EXERCISE
Exactly as they stand, give the records below again, with no images.

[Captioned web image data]
━━━━━━
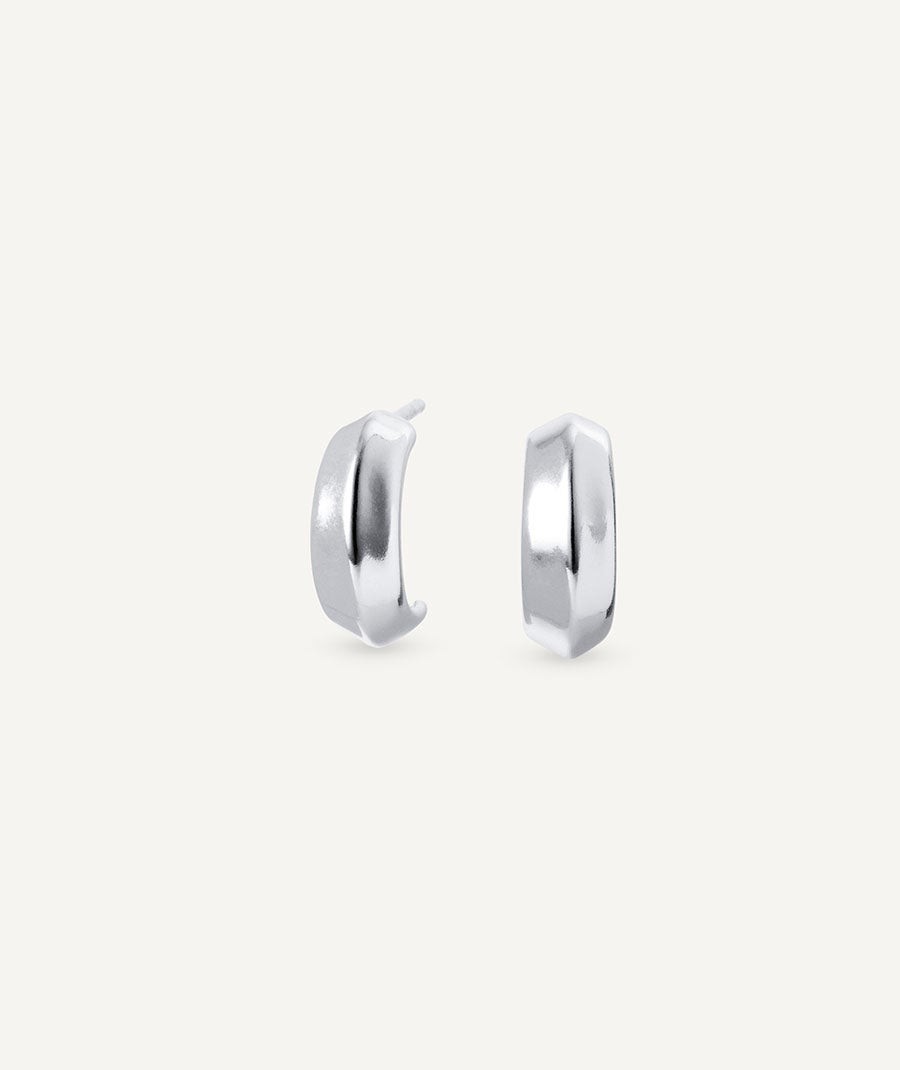 Pendientes Aro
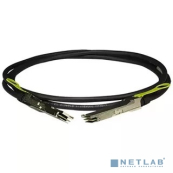 Huawei QSFP-40G-CU1M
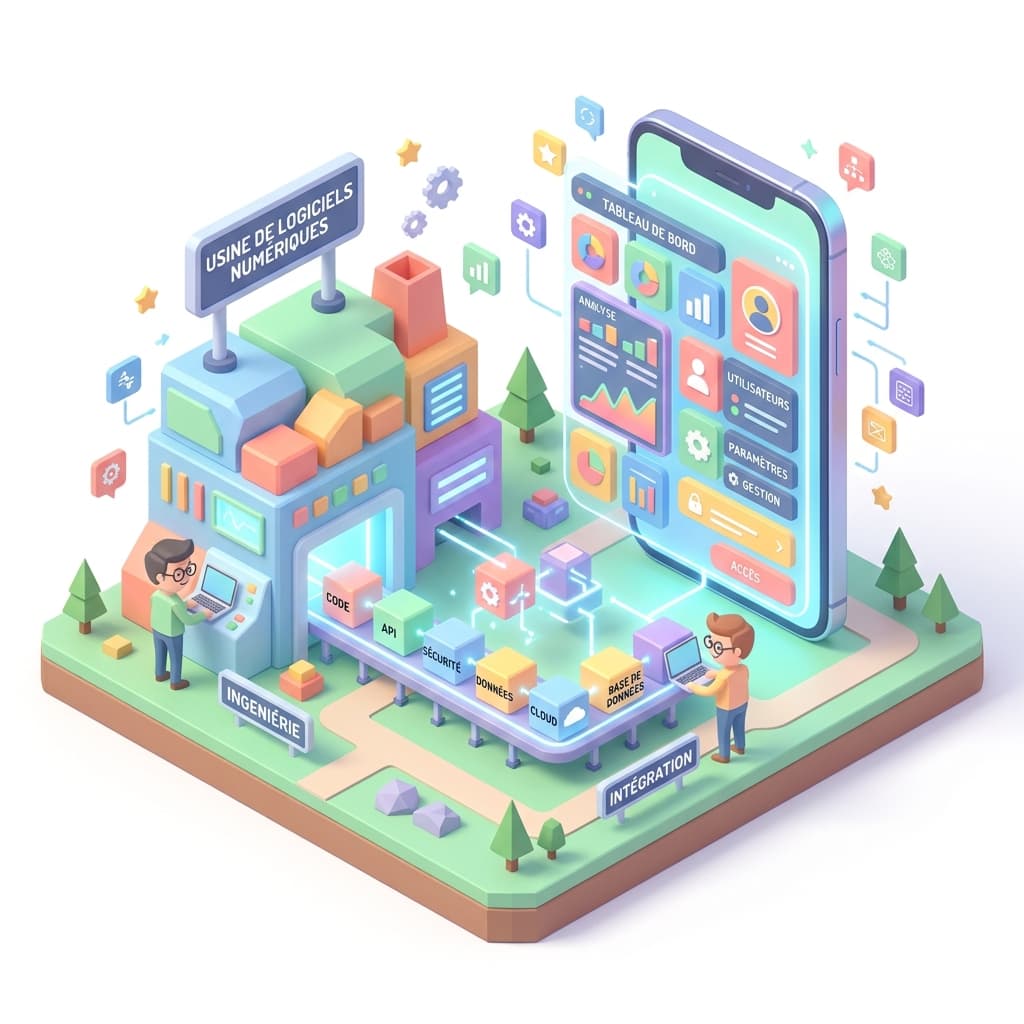 CTO As A Service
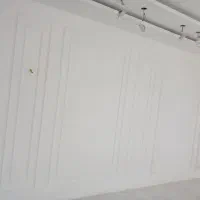 گچکاری و گچبری|خدمات پیشه و مهارت|بیرجند, |دیوار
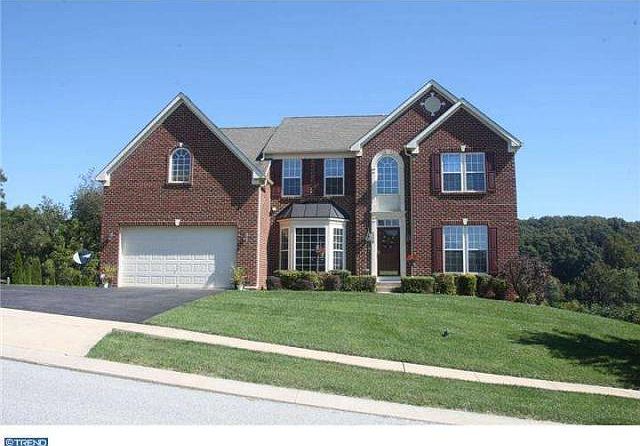1st image of 5320 Countryside Dr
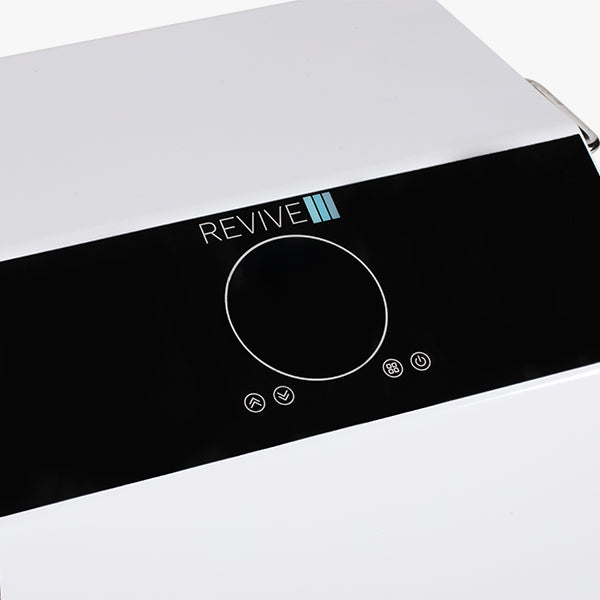 Revive Core 0.8HP Chiller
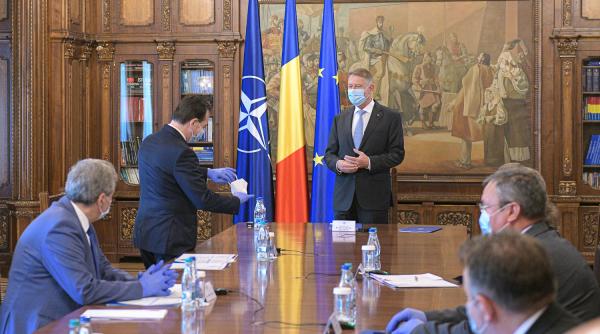 pnl propuneri de premier numele inainte presedintelui iohannis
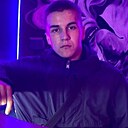 Знакомства: Вячеслав, 19 лет, Горно-Алтайск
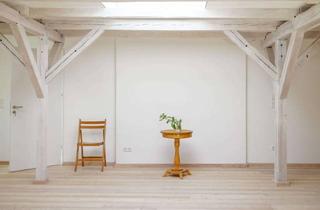 Wohnung mieten in Heinz-Bartsch-Straße, 10407 Prenzlauer Berg, Dachgeschoss Prenzlauer BErg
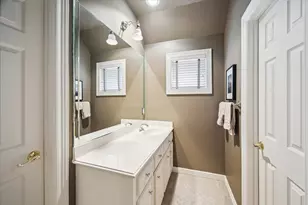 3118 Sackett St, Houston, TX 77098 - Photo 19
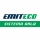 Logotipo de Emiteco Importaçao e Exportaçao Ltda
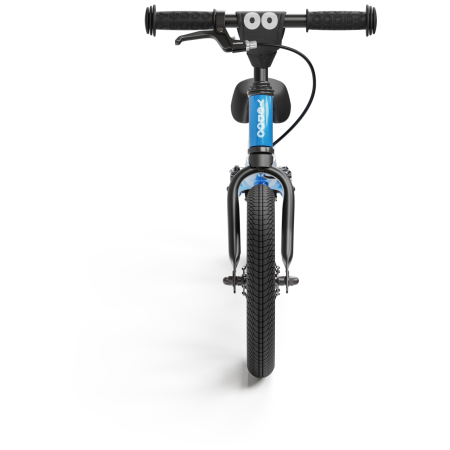 Correpasillos Yedoo YooToo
━━━━━━
EXERCISE RESULT
 Pendientes Aro
 Huawei QSFP-40G-CU1M
 CTO As A Service
 گچکاری و گچبری|خدمات پیشه و مهارت|بیرجند, |دیوار
1st image of 5320 Countryside Dr
 Revive Core 0.8HP Chiller
 pnl propuneri de premier numele inainte presedintelui iohannis
 Знакомства: Вячеслав, 19 лет, Горно-Алтайск
 Wohnung mieten in Heinz-Bartsch-Straße, 10407 Prenzlauer Berg, Dachgeschoss Prenzlauer BErg
 3118 Sackett St, Houston, TX 77098 - Photo 19
 Logotipo de Emiteco Importaçao e Exportaçao Ltda
 Correpasillos Yedoo YooToo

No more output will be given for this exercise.